停戦は現地時間の11月27日午前4時(日本時間の27日午前10時)に始まるという。
バイデン大統領の発表によると、停戦案は、以下を骨子とする。
- 停戦発効後60日間でレバノン軍がイスラエルとの境界(ブルー・ライン)周辺に展開すること。
- ヒズブッラーはレバノン南部を流れるリーターニー川以北に撤退し、同川以南に拠点を再建しないこと。

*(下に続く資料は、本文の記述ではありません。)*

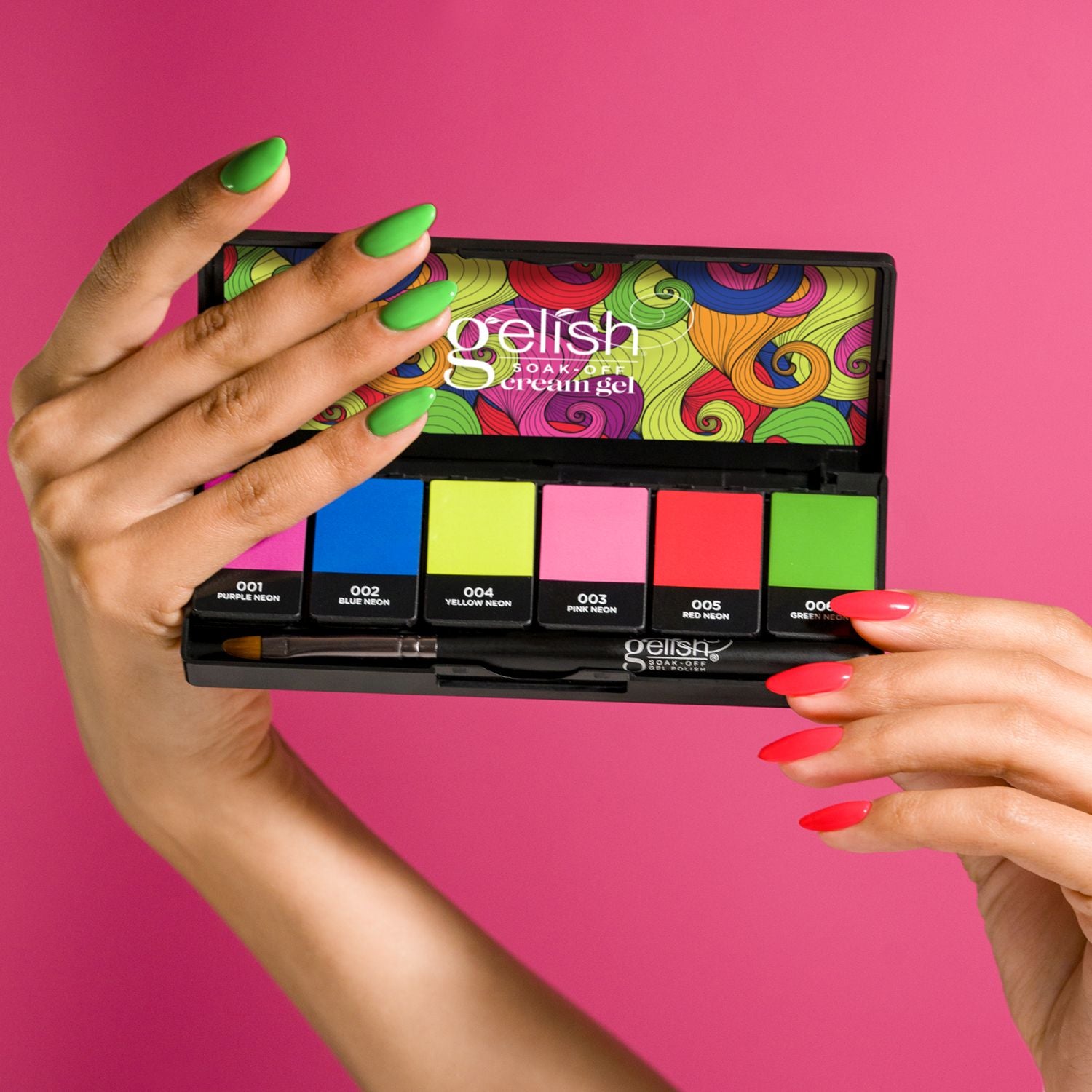 Cream Gel - Neon & On & On - Palette - 6 Stk.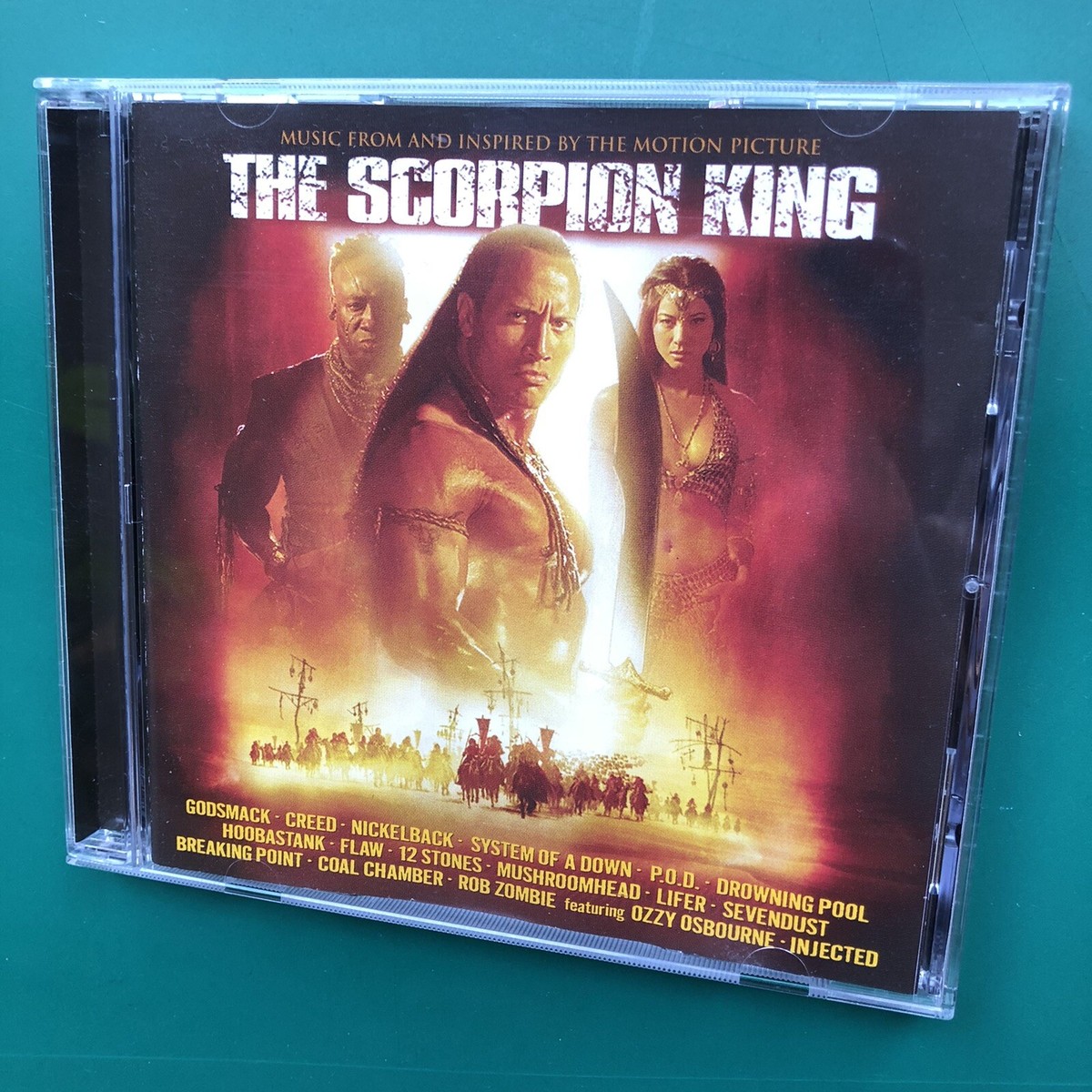 SCORPION KING Rock Heavy Metal Film Soundtrack CD Dwayne Johnson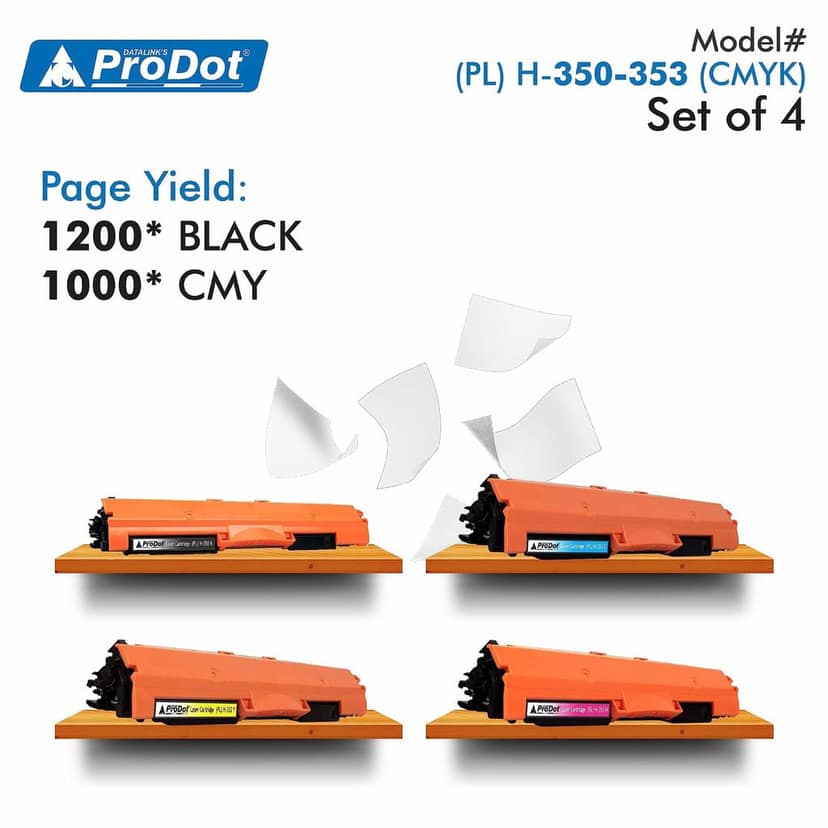 ProDot (PRO H-350-353 Laser Toner Cartridge for HP CF350A-353A (130A) Compatible with HP Color Laserjet Pro MFP M176, M176fn, M177, M177fw view 3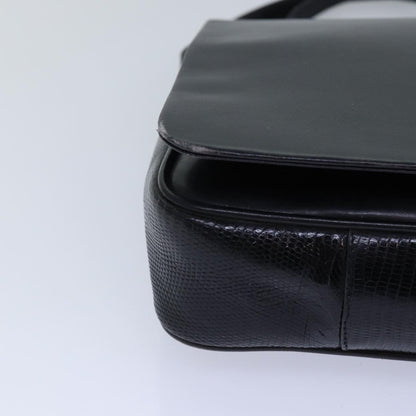 Salvatore Ferragamo Vintage Shoulder Bag Leather, Black, Leather, Shoulder Bag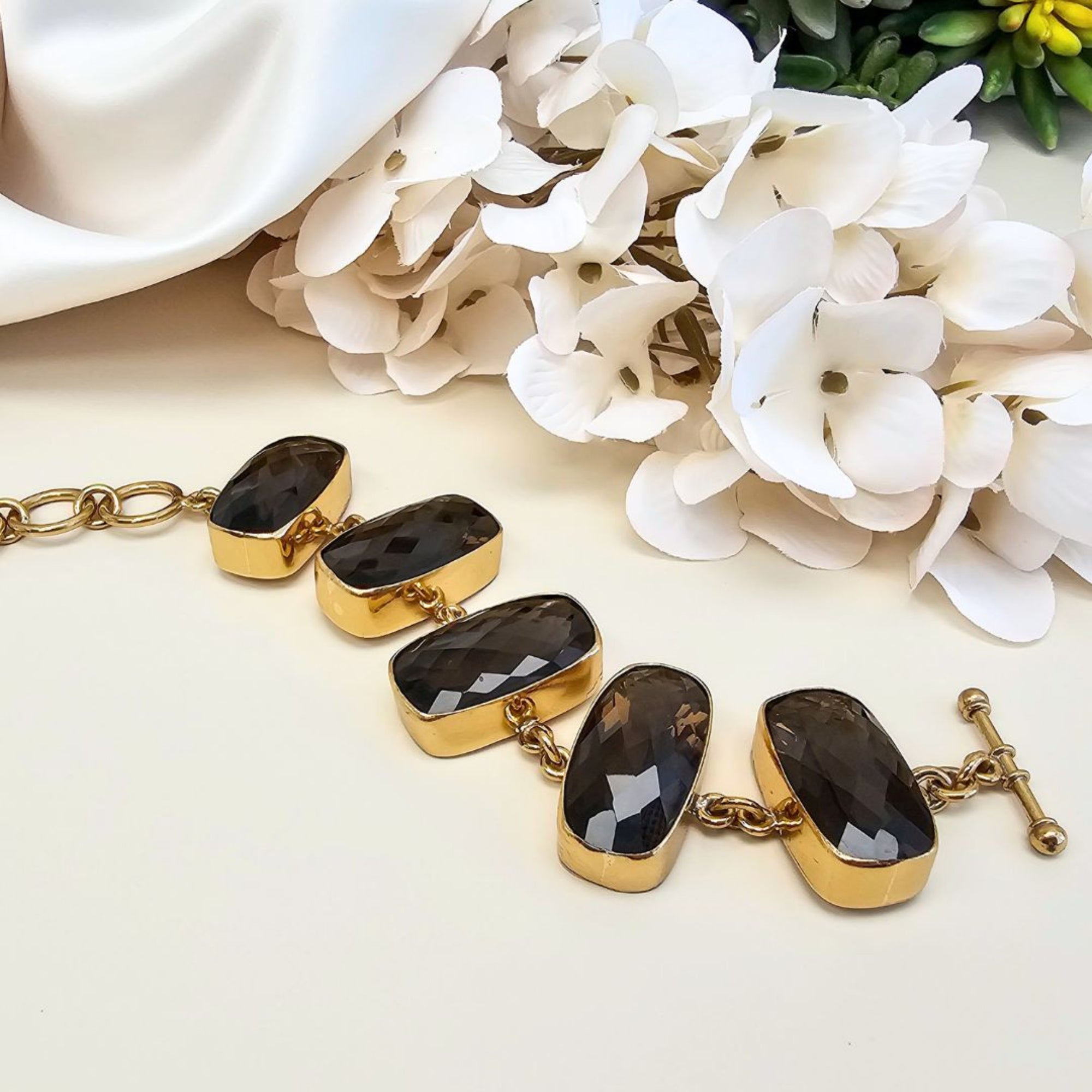 Alchemia Smokey Quartz Rectangle Bracelet | Charles Albert Jewelry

- イスラエル軍もこれに合わせてレバノン南部から漸進的に部隊を撤退させること。
- 米国がフランスなどとともに合意履行を支援すること。
イラン最高指導者の要求への「同意」
この停戦案に関して、イスラエル首相府、レバノンのナジーブ・ミーカーティー首相がともに停戦案を受け入れたと発表する一方、ヒズブッラーの幹部の1人で、政治評議会副議長を務めるマフムード・カマーティーは、「敵が署名した合意の内容を精査して、我々の主張とレバノン当局が合意した内容が一致しているかどうかを確認したい…。我々はもちろん攻撃を停止させたい。だが、国家の主権を犠牲にはできない」と述べ、態度を保留している。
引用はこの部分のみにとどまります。